**EXERCISE BRIEF:**
Print, word for word, only the lines from the one with "Hindistan'dan Almanya'ya giden" down to the last line of the listing below; no pictures.
:: SOURCE RECORDS ::
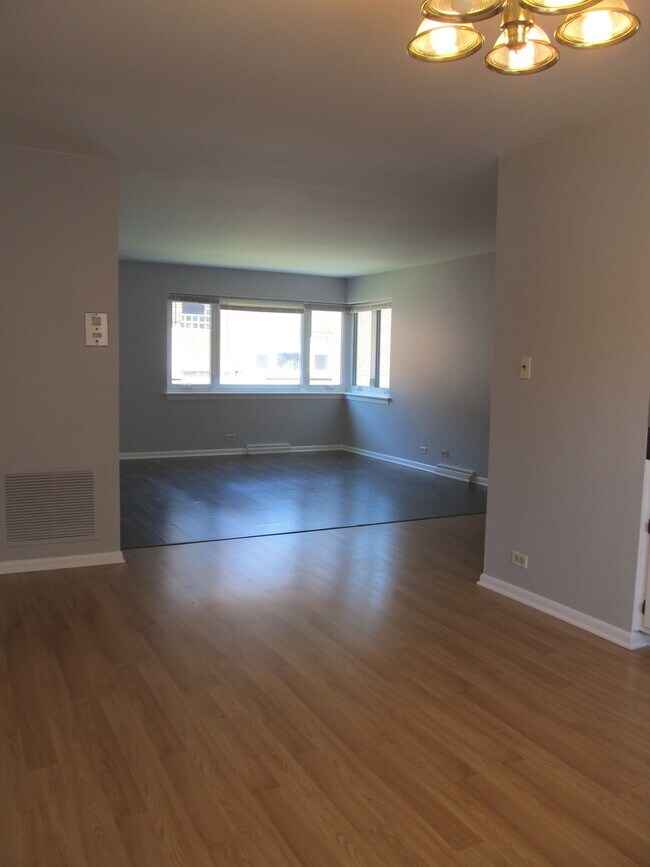 Building Photo - 3006 S Harlem Ave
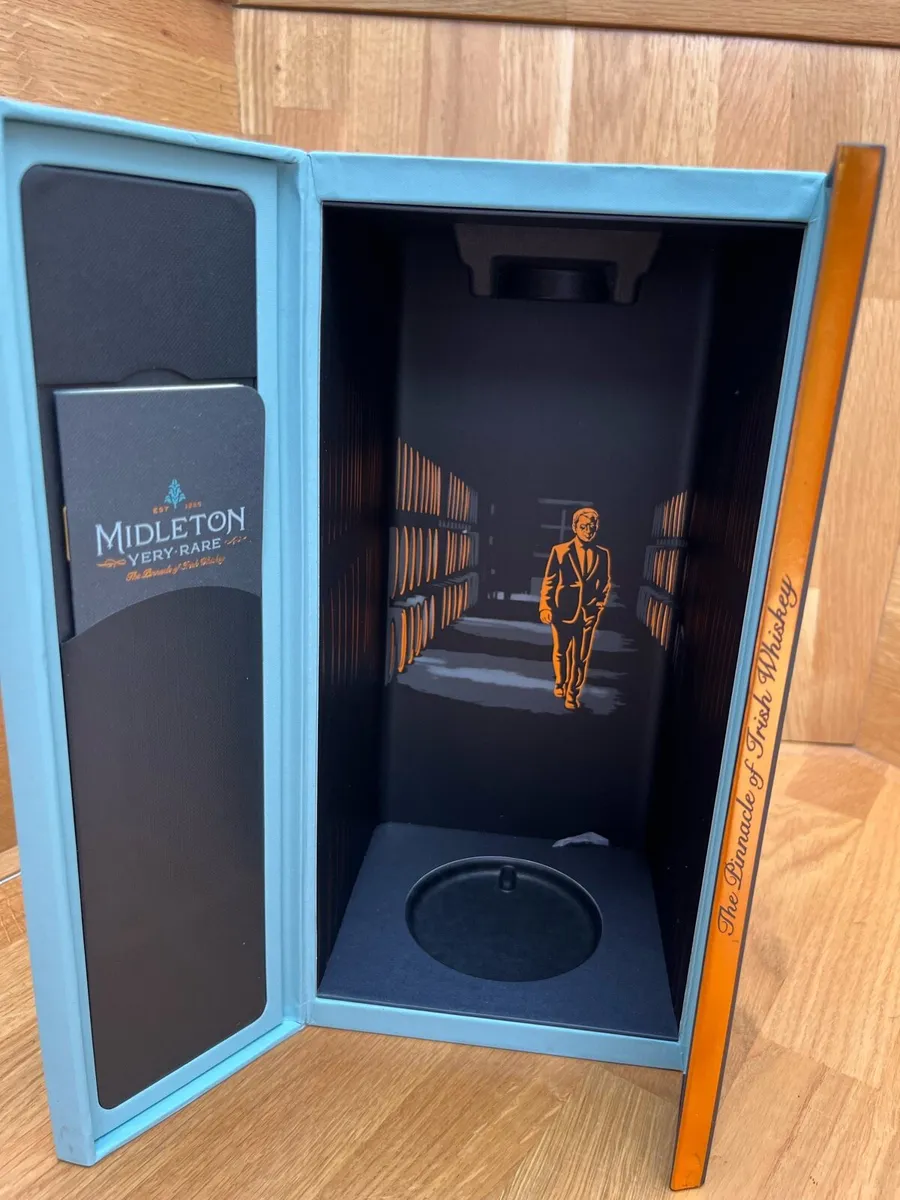 Midleton very rare whiskey case - Image 3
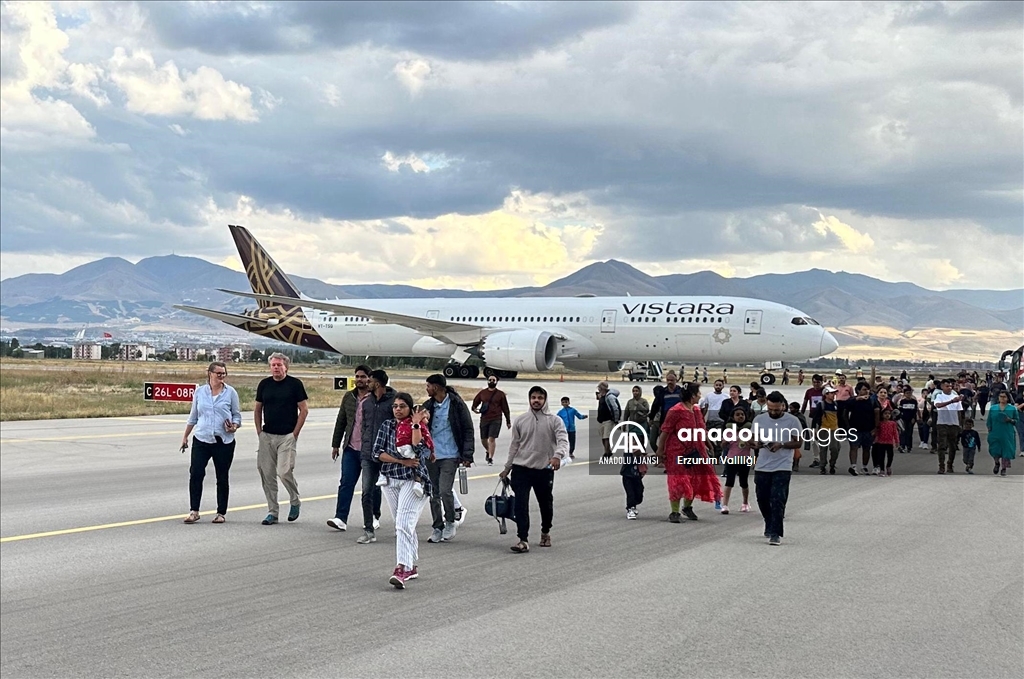 Hindistan'dan Almanya'ya giden yolcu uçağı bomba ihbarı nedeniyle Erzurum'a zorunlu iniş yaptı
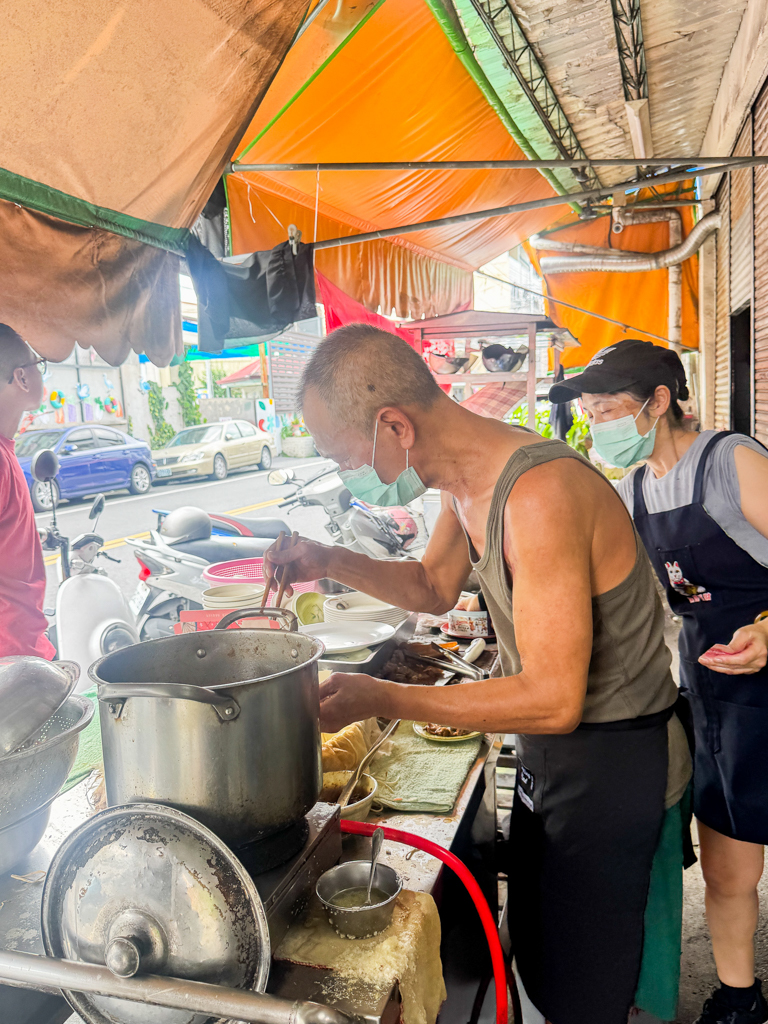 南投埔里｜大麵銘．埔里人的傳統早餐，簡單經典銅板美食，老闆態度超級客氣 @飛天璇的口袋
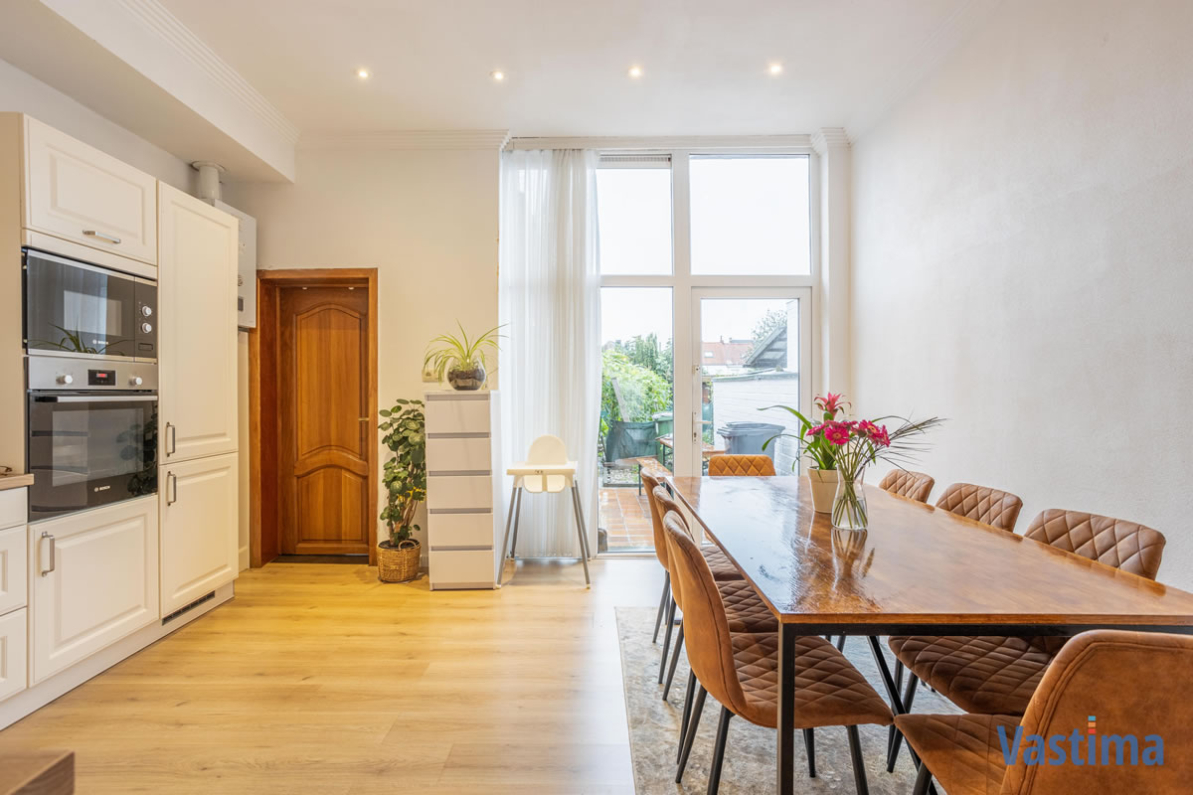 Immo Vastima - Huis Verkocht Aalst - Gerenoveerde stadswoning met 2 à 3 slaapkamers en stadstuintje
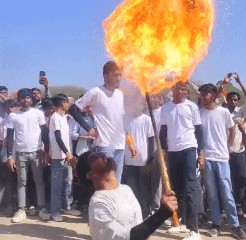 हैरतअंगेज अखाड़ा प्रदर्शन ने सबका मन मोह लिया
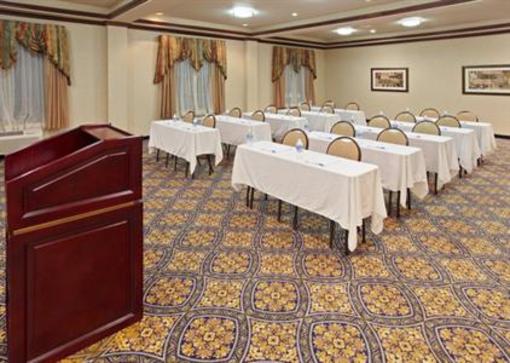 фото отеля Holiday Inn Express Hotel & Suites Sherman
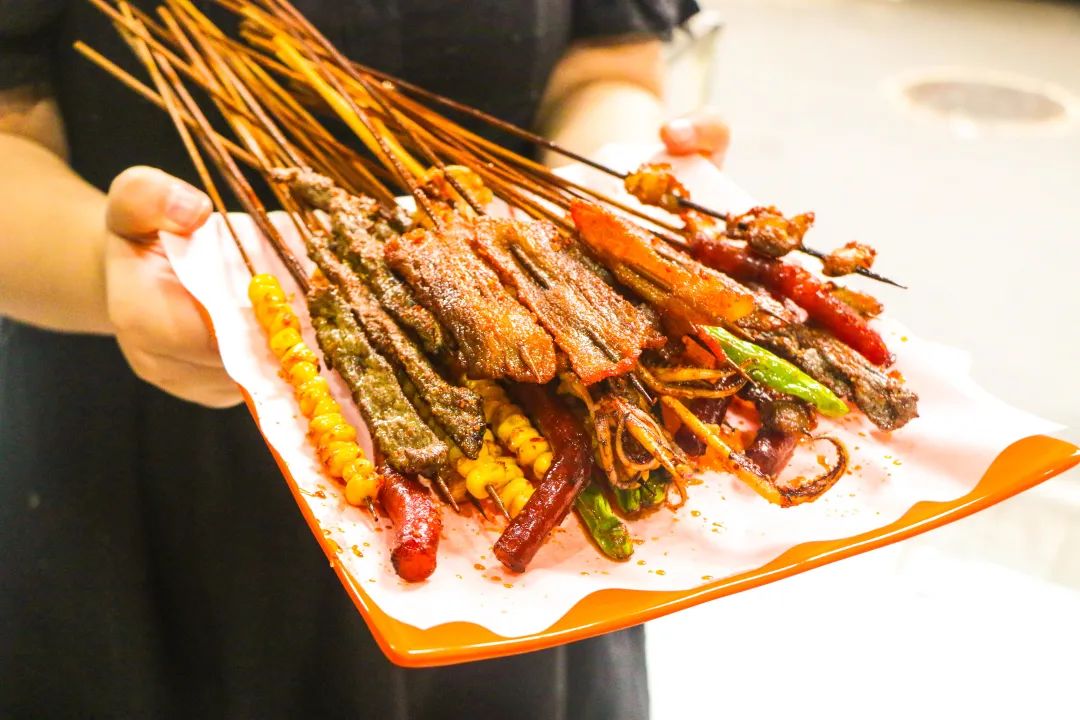 乐山30家苍蝇馆子，我不允许你还没吃过！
:::
**RESPONSE BOX:**
 Hindistan'dan Almanya'ya giden yolcu uçağı bomba ihbarı nedeniyle Erzurum'a zorunlu iniş yaptı
 南投埔里｜大麵銘．埔里人的傳統早餐，簡單經典銅板美食，老闆態度超級客氣 @飛天璇的口袋
 Immo Vastima - Huis Verkocht Aalst - Gerenoveerde stadswoning met 2 à 3 slaapkamers en stadstuintje
 हैरतअंगेज अखाड़ा प्रदर्शन ने सबका मन मोह लिया
 фото отеля Holiday Inn Express Hotel & Suites Sherman
 乐山30家苍蝇馆子，我不允许你还没吃过！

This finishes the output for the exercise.